All of the web applications I’ve worked on have had at least one textarea where a client could type in HTML (or perhaps use a WYSIWYG editor), submit the form and save that information. Sometimes it was abstracted using Wiki formatting or some other faux HTML markup. The textareas are often related to a blog post, comments, rental properties, vacation spots or what have you.

Even now, most of the web applications I use do the same thing – this blog being the perfect example. All of these posts end up saving HTML into some column in a table in the database.

Perhaps the separation of presentation and data have gone to my head, but doesn’t the whole idea of saving HTMLified text seem wrong? It seems like it is corrupting the data. For example, take a search query; why should a database query have to search through HTML mark up to find matches? Why should word counts have to understand that there are tags involved?

It also seems like a big waste to store all that extra tag text in a database. How many <p> tags do you think are in the average web application database? I am sure most databases have compression techniques to handle duplicated data, but still it seems like extra work for no real gain.

Converting HTML into XML + a stylesheet makes the separation a bit better, but you’re still storing a bunch of markup text – which isn’t too bad especially if the database you are working with is XML savvy. However, there is still the problem of having to deal with the markup tags when text searching or mining the data. Unless you actually load the XML in a DOM during the search, then search again inside each XML tree, you are drudging though tags and creating the need for more if statements.

Add to that the fact I am not really talking about structured data. With the data I am talking about, it is highly unlikely that some one is going to mark text as <address> – more likely they will pick bold and red.

One solution I am kicking around is trying to write / find some sort of text style markup language that is stored separate from the text data (This has to exist somewhere, probably an old school Unix format, but I am not even sure where to start looking). I am thinking it could work something like this:

The stylesheet, in its most basic form, would be a type and position-length pair. So for the text:

This is example text, man.

A parser would sniff out the tags, and make a stylesheet that could look like:

(sheet (bold (5,2), (22,3)), (italic (8,7)) )

The tags would be stripped from the original data, and both the plain text and stylesheet stored separately. On display the sheet could be reapplied to the text – like CSS (of course it wouldn’t have to recreate HTML. It could make a PDF out of it for example).

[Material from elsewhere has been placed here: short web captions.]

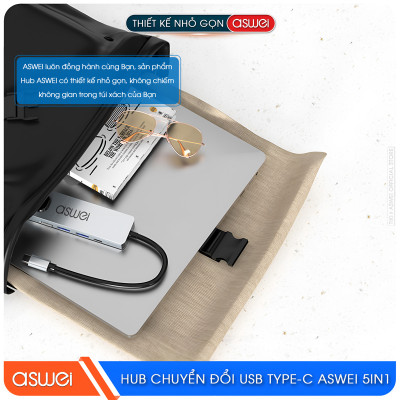 Hub Chuyển Đổi USB Type C ASWEI 5 in 1 - HDMI, USB 3.0, Lan, PD 100W Tốc Độ Cao - Hàng Chính Hãng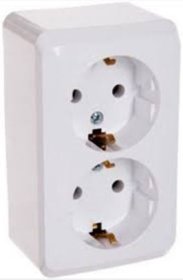 Kištukinis lizdas SCHNEIDER Prima, 2 vietų, paviršinis, su įž., baltos sp., IP20, GWN-240P, WDE001048
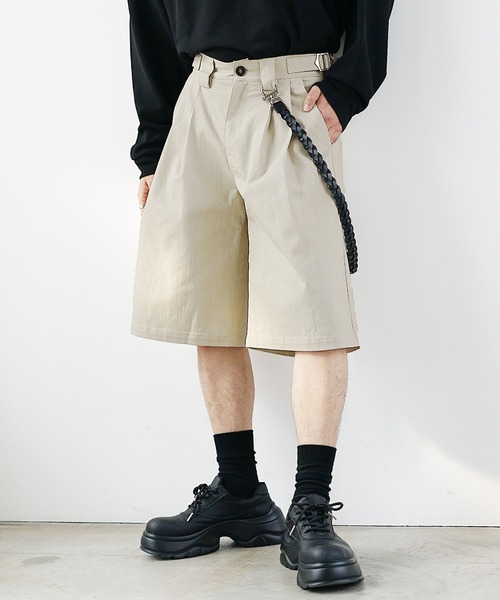 MinoriTY（マイノリティ）の「【MinoriTY】ヘビーツイルビッグタックグルカショーツ ハーフパンツ メンズ 夏服（その他パンツ・メンズ・ブラック/ベージュ・L/M/S）」の6枚目の写真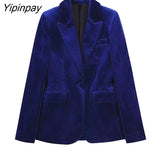 Yipinpay New Women Autumn Velvet Blazer Pants Set 2023 Fashion Office Single Button Jacket Coat Female Oversize Clothes Outerwear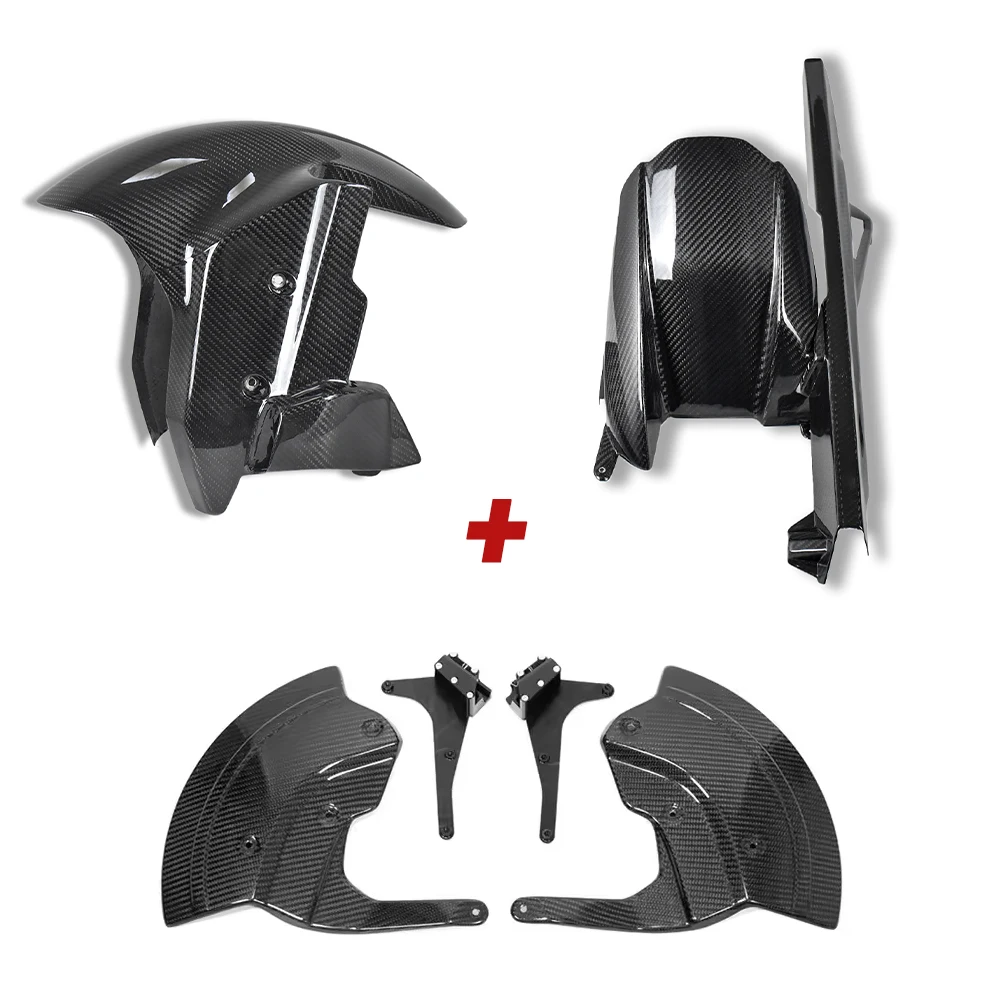 

Carbon Fiber Front Fender Mudguards & Rear Hugger Chain Guards Brake Disc Protective Deflector For BMW S1000RR M1000RR R 19-2025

With the HTML tags stripped from the text, the text could be stored, searched, converted, faxed, put though text-to-speech, or mined with a lot less cruft to deal with. The stylesheet could be stored along side the plain text, and applied right before it was shown in a UI (most likely HTML, but it could be anything). The key thing, I think, is to store the text and the formating separately. With TeX, PDF, and all the other formats I know of the formatting is stored in the text itself. Because, I would imagine, those formats are generally used in files, and files in the past only had one place to store information.

So this is a bit of a stream of conscience, I just had this thought as I was drifting off to sleep and got up and wrote this entry. Know of any tools that do this, or have any thoughts on the matter?